When Stranger Things season 2 returns this fall, it’s going to look a whole lot darker. The show’s team has been vocal that its second outing will be “bigger” and “more horror oriented,” though the first run wasn’t light on scare factor, either. In season 1, small town pre-teen Will Byers was abducted by the monstrous Demogorgon and forced to hole up in the otherworldly Upside Down. Meanwhile Eleven, a young, telekinetic girl who was being held as part of a scientific experiment, befriended Will’s pals on their hunt to find him and ultimately sacrificed herself to save them all.

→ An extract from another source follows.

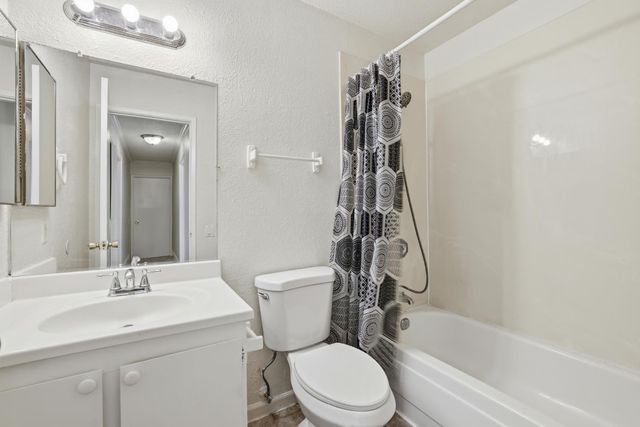 8054 Pegler Way, Sacramento, CA 95823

We already know several details about where season 2 will pick up. Will, who was seen vomiting slugs in the Stranger Things season 1 finale, will still be struggling with the effects of his time in the Upside Down; Eleven will be alive, but hiding; Barb will get justice; and The Hawkins National Laboratory will be under new, but likely no less sinister, management.
In an interview with YouTube’s GoldDerby, executive producer Shawn Levy stressed that this time around, the story will be far more dangerous. In fact, Levy said the new big bad (or bads, as the case may be) will put the original Demogorgon to shame:
“Will Byers is very much at the center of several intersecting challenges, threats in season two and I think overall the forces of evil that are inherent in season two make that Demogorgon look quaint in retrospect.”
Levy also spoke to the growing cast list, which will bring a number of new faces to Hawkins, Indiana, saying that Stranger Things season 2 will feature a more diverse array of characters:
“I think you’ll see more and more certainly in the movies that we are producing at 21 Laps and even in season two of Stranger Things — an increased diversity, not because anyone is telling us it needs to happen but because that is the world we live in, that is the mindset we try and kind of relate to others and the world around us with, so more and more I think you’re going to see that reflected in the content.”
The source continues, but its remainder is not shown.